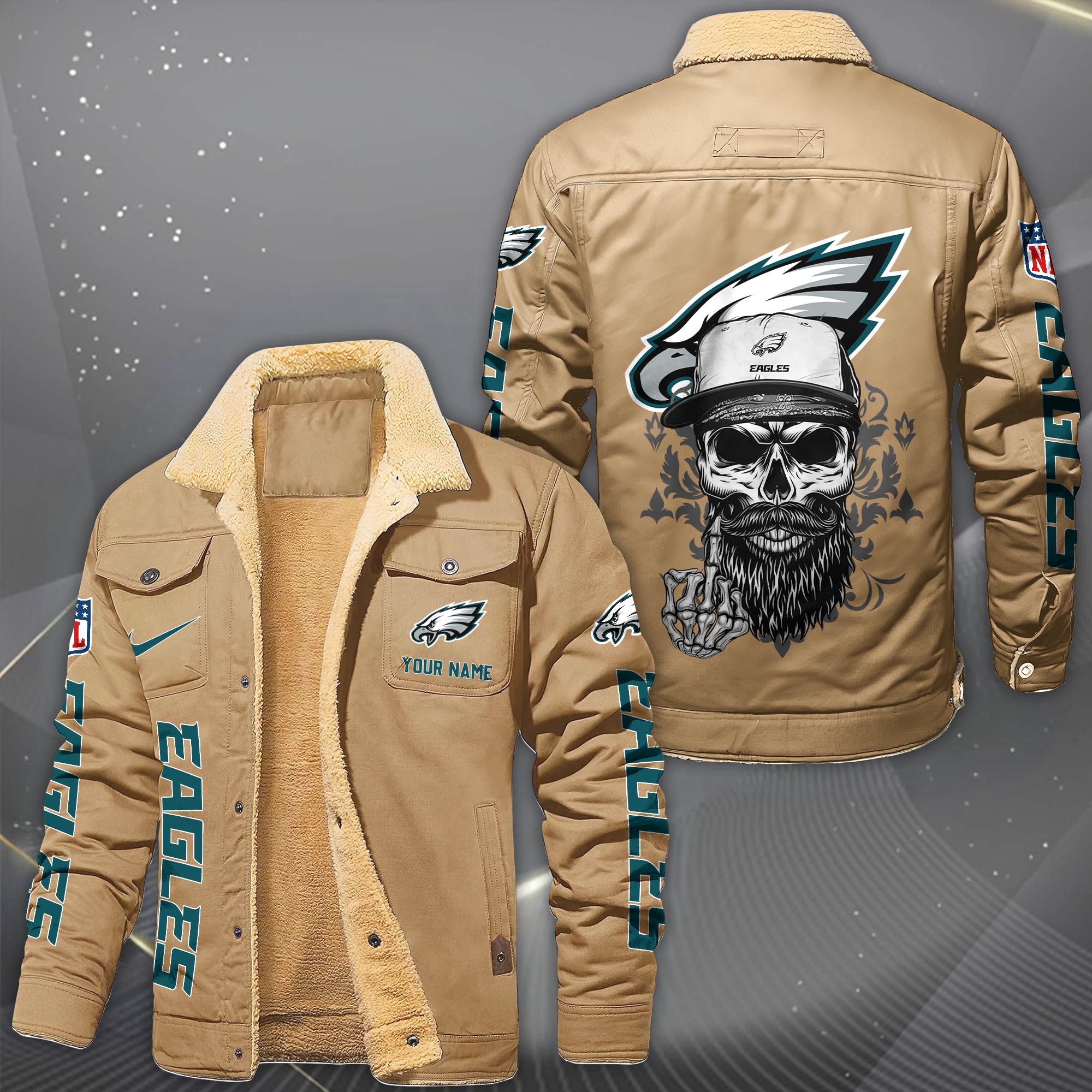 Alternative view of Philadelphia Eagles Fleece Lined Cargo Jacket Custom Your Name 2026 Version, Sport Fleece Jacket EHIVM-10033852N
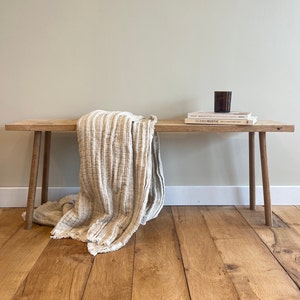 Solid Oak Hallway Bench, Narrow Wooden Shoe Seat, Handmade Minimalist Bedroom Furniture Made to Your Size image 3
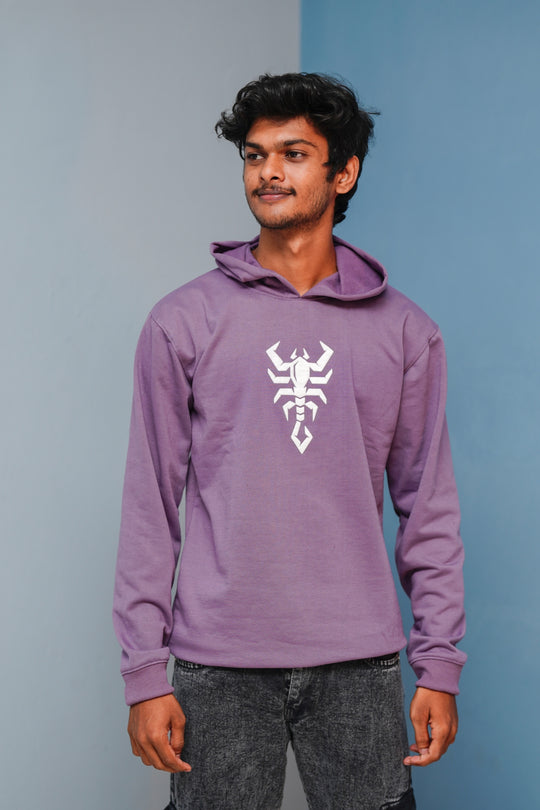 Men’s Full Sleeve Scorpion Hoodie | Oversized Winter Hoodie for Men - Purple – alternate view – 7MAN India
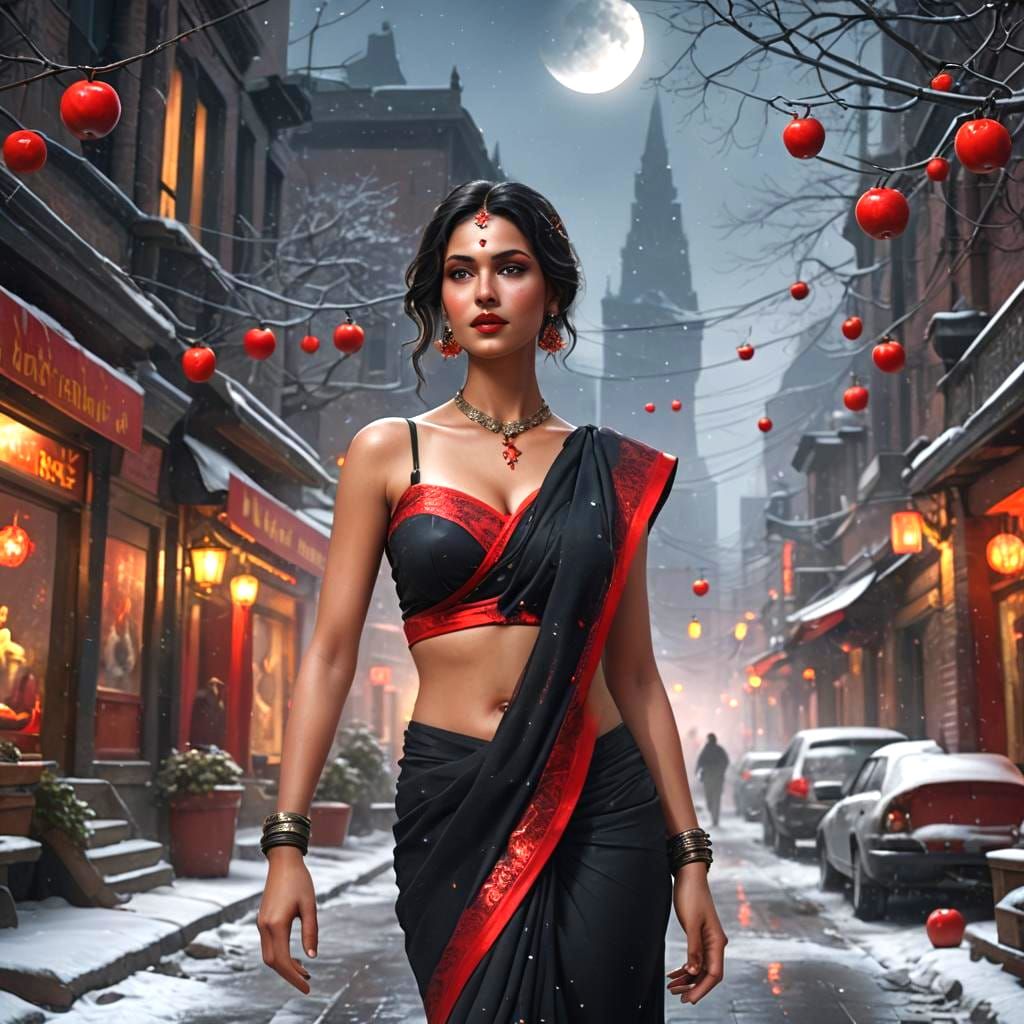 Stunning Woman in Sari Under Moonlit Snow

--------------------

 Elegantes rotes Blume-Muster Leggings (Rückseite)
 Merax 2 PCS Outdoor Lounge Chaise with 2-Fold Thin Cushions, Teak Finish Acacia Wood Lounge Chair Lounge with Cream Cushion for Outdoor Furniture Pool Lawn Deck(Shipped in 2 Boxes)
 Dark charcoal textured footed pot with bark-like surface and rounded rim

--------------------

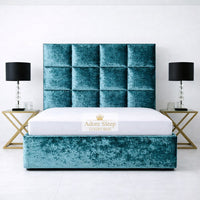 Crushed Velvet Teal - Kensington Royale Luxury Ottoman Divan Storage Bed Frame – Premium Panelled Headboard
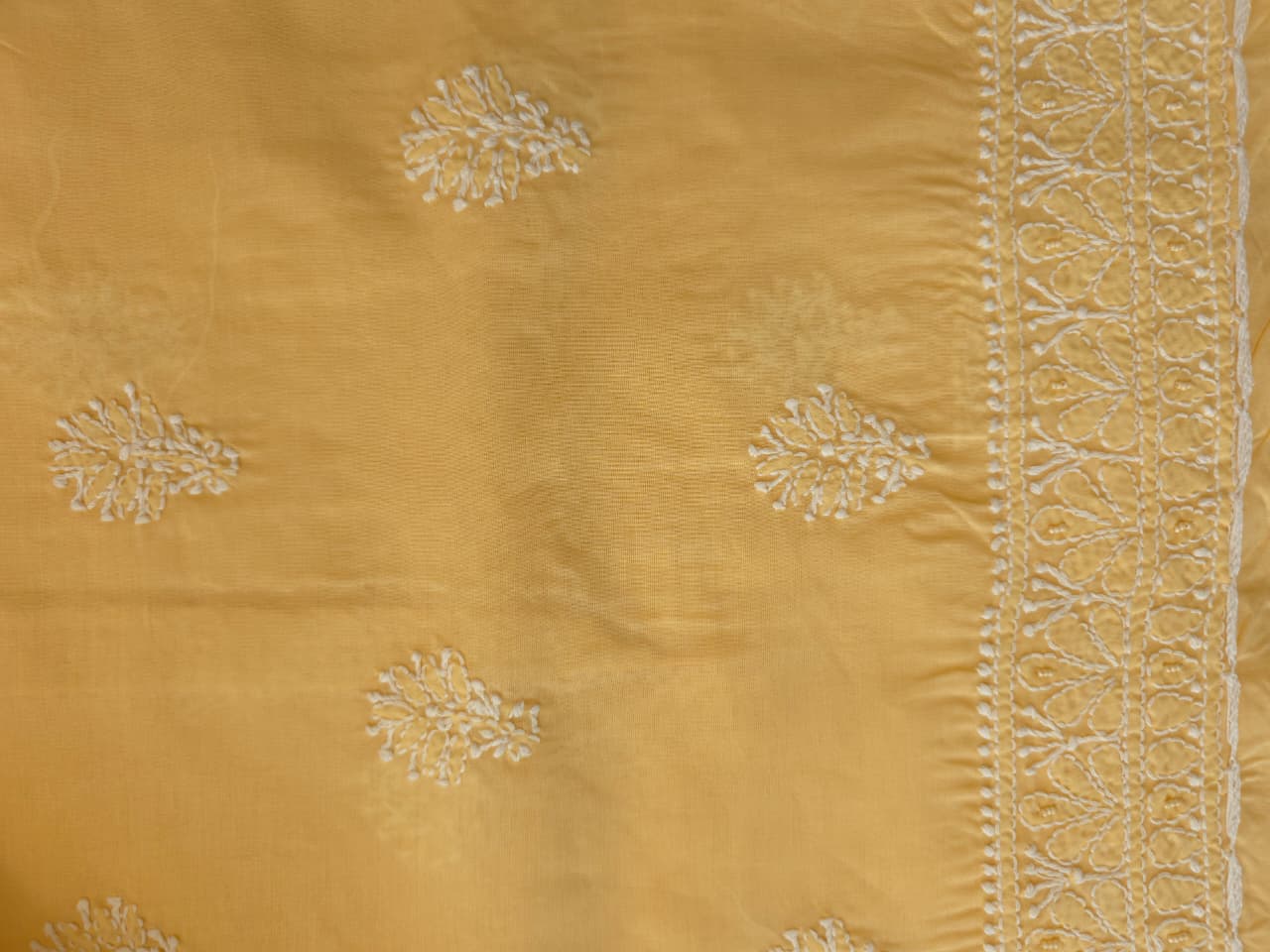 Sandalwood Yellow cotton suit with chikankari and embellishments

--------------------

◆ EXERCISE GOAL ◆
Above are some records. Reproduce the lines from the one with "Alternative view of" down to the one with "Stunning Woman in Sari Under Moonlit Snow", keeping both, and leave every picture out.

◆ THE ANSWER ◆
 Alternative view of Philadelphia Eagles Fleece Lined Cargo Jacket Custom Your Name 2026 Version, Sport Fleece Jacket EHIVM-10033852N
 Solid Oak Hallway Bench, Narrow Wooden Shoe Seat, Handmade Minimalist Bedroom Furniture Made to Your Size image 3
 Men’s Full Sleeve Scorpion Hoodie | Oversized Winter Hoodie for Men - Purple – alternate view – 7MAN India
 Stunning Woman in Sari Under Moonlit Snow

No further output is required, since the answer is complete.